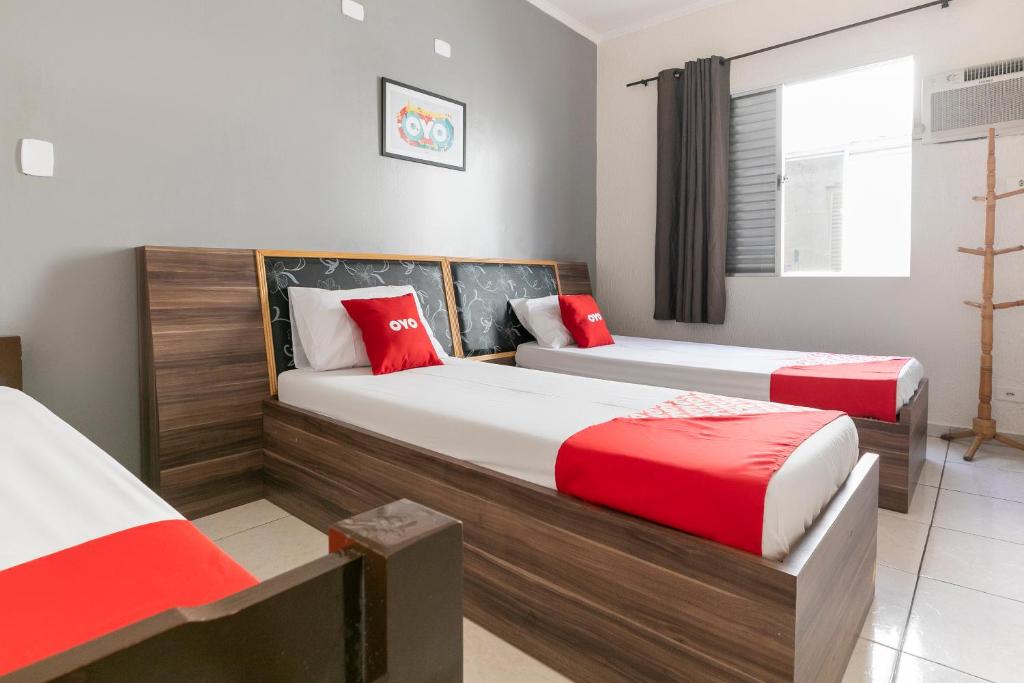 two beds in a room with red and white at OYO Hotel Sunshine in São Bernardo do Campo
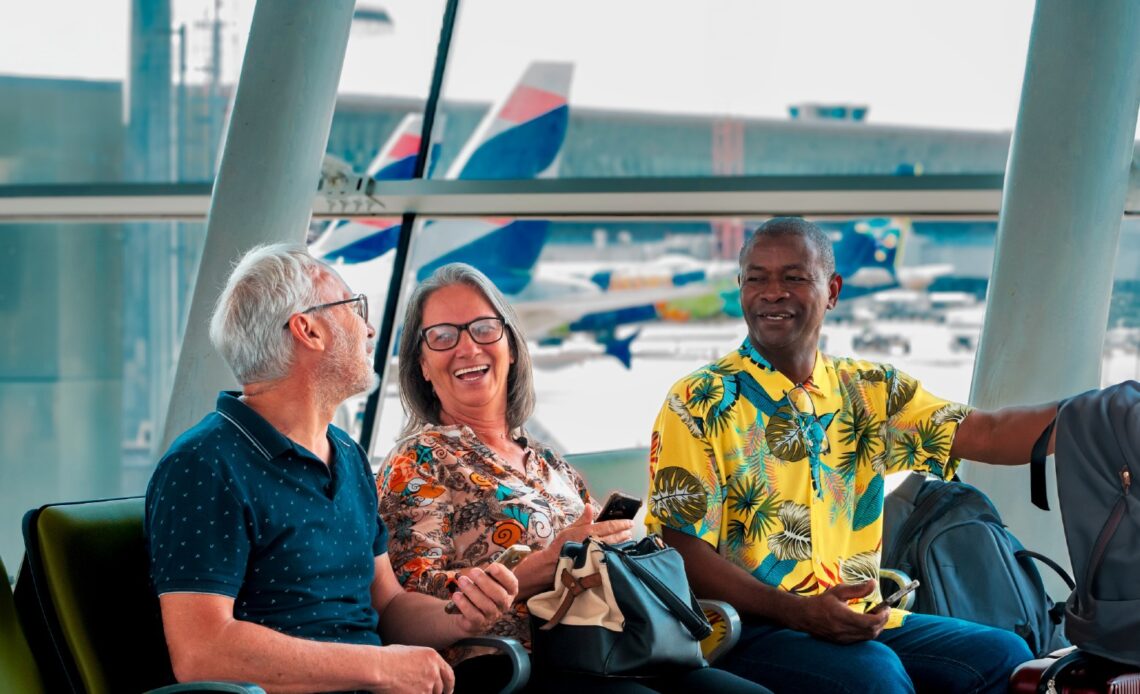 Grupo de aposentados sorrindo enquanto aguardam seu voo em um aeroporto, com aviões ao fundo. Voa Brasil.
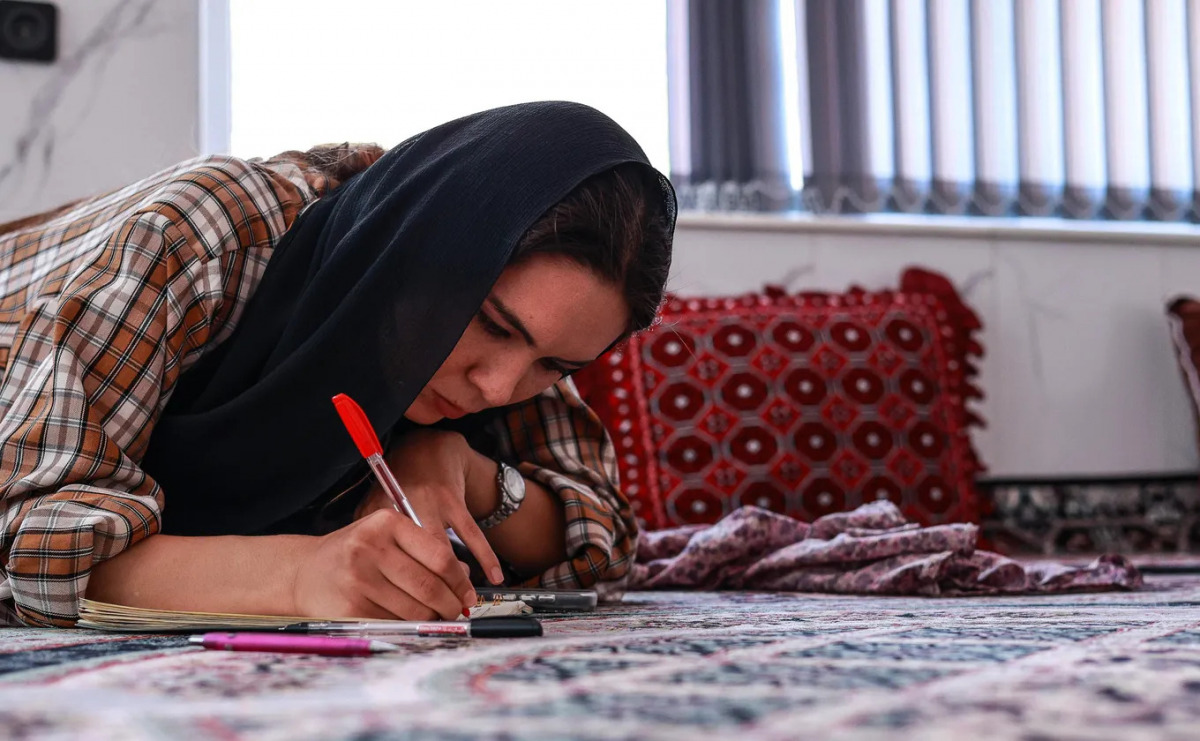 A young woman doing her English homework at home, while the Taliban have forbidden women from attending school after the age of twelve, Herat, Afghanistan, 17 September 2025
In Afghanistan, girls face immense challenges from an early age. Many are denied access to basic education, forced into child labor, and must navigate strict societal norms including mandatory veiling. This reportage explores the daily lives of Afghan girls, their struggles for education, the impact of cultural and political restrictions, and their resilience in the face of adversity. Locations range from Kabul to rural provinces, highlighting both urban and remote realities.//SEMENOVAMARIA_sipa.21225/Credit:Semenova Maria/SIPA/2511051344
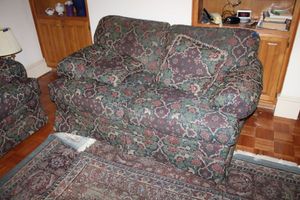 lot 46 image: Green and burgundy loveseat sofa by Clayton Marcus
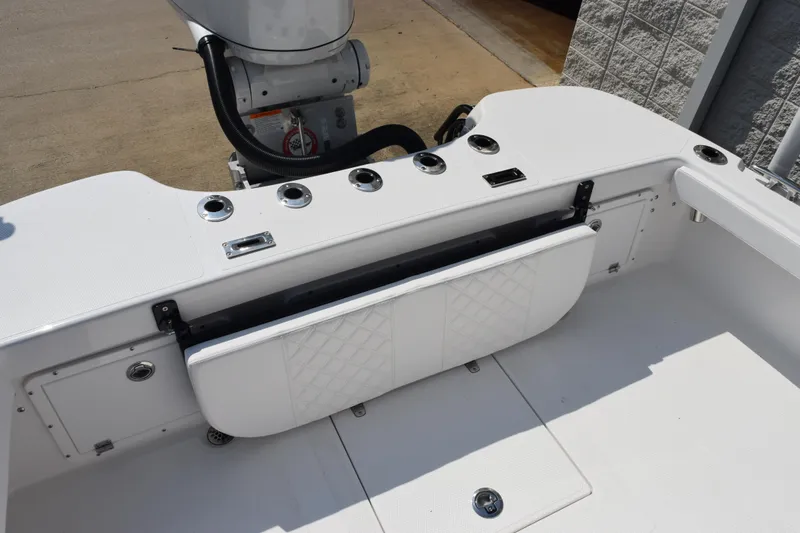 Slide: The Image of 2026 BlackJack 256 Coastal boat interior with foldable seat and rod holders. - 8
══════
Copy every record exactly; no pictures.

 two beds in a room with red and white at OYO Hotel Sunshine in São Bernardo do Campo
 Grupo de aposentados sorrindo enquanto aguardam seu voo em um aeroporto, com aviões ao fundo. Voa Brasil.
 A young woman doing her English homework at home, while the Taliban have forbidden women from attending school after the age of twelve, Herat, Afghanistan, 17 September 2025
In Afghanistan, girls face immense challenges from an early age. Many are denied access to basic education, forced into child labor, and must navigate strict societal norms including mandatory veiling. This reportage explores the daily lives of Afghan girls, their struggles for education, the impact of cultural and political restrictions, and their resilience in the face of adversity. Locations range from Kabul to rural provinces, highlighting both urban and remote realities.//SEMENOVAMARIA_sipa.21225/Credit:Semenova Maria/SIPA/2511051344
 lot 46 image: Green and burgundy loveseat sofa by Clayton Marcus
 Slide: The Image of 2026 BlackJack 256 Coastal boat interior with foldable seat and rod holders. - 8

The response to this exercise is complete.